# Work to complete
Go through the listing and set it down exactly, leaving out its pictures.

# Provided data
=-=-=

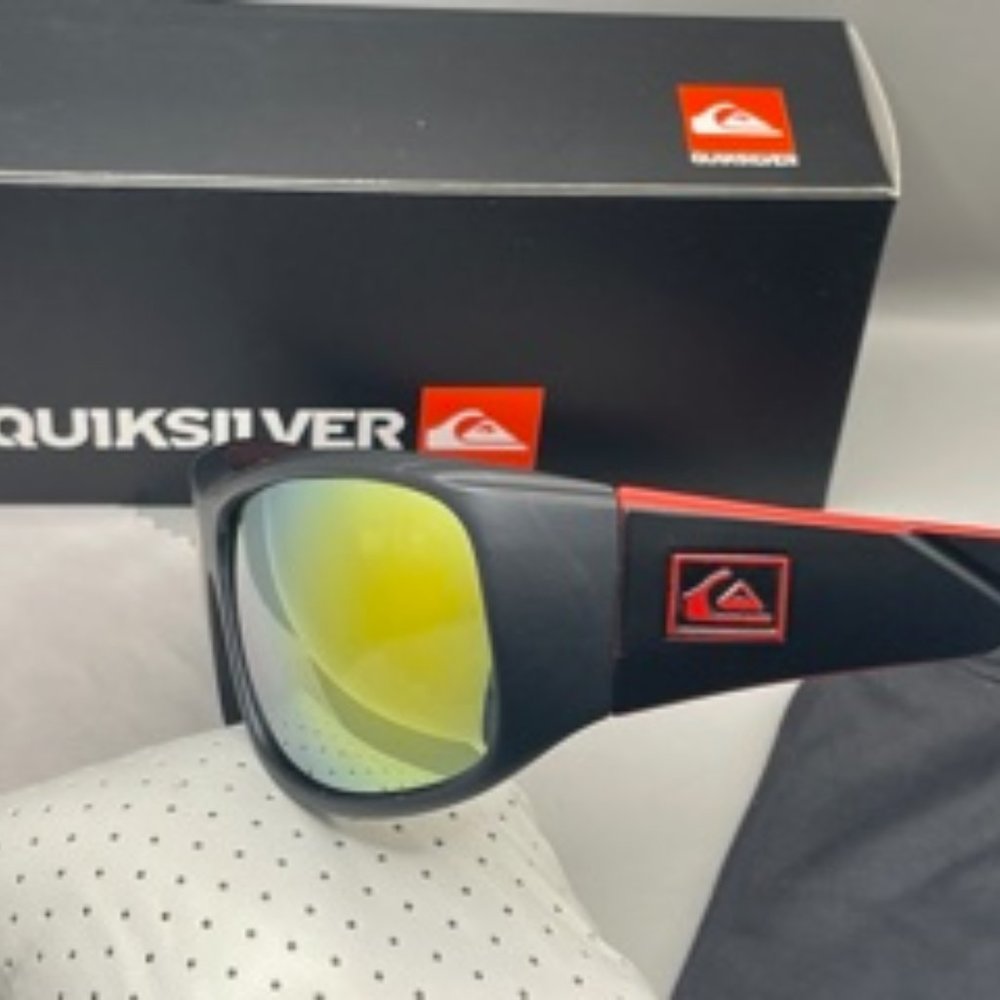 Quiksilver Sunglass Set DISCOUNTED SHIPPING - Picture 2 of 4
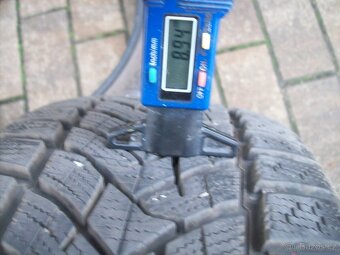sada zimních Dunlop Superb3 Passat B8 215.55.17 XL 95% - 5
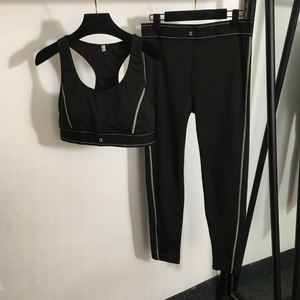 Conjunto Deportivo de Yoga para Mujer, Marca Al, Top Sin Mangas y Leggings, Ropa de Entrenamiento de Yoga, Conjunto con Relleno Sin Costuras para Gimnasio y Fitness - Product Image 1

=-=-=

# Solution below
 Quiksilver Sunglass Set DISCOUNTED SHIPPING - Picture 2 of 4
sada zimních Dunlop Superb3 Passat B8 215.55.17 XL 95% - 5
 Conjunto Deportivo de Yoga para Mujer, Marca Al, Top Sin Mangas y Leggings, Ropa de Entrenamiento de Yoga, Conjunto con Relleno Sin Costuras para Gimnasio y Fitness - Product Image 1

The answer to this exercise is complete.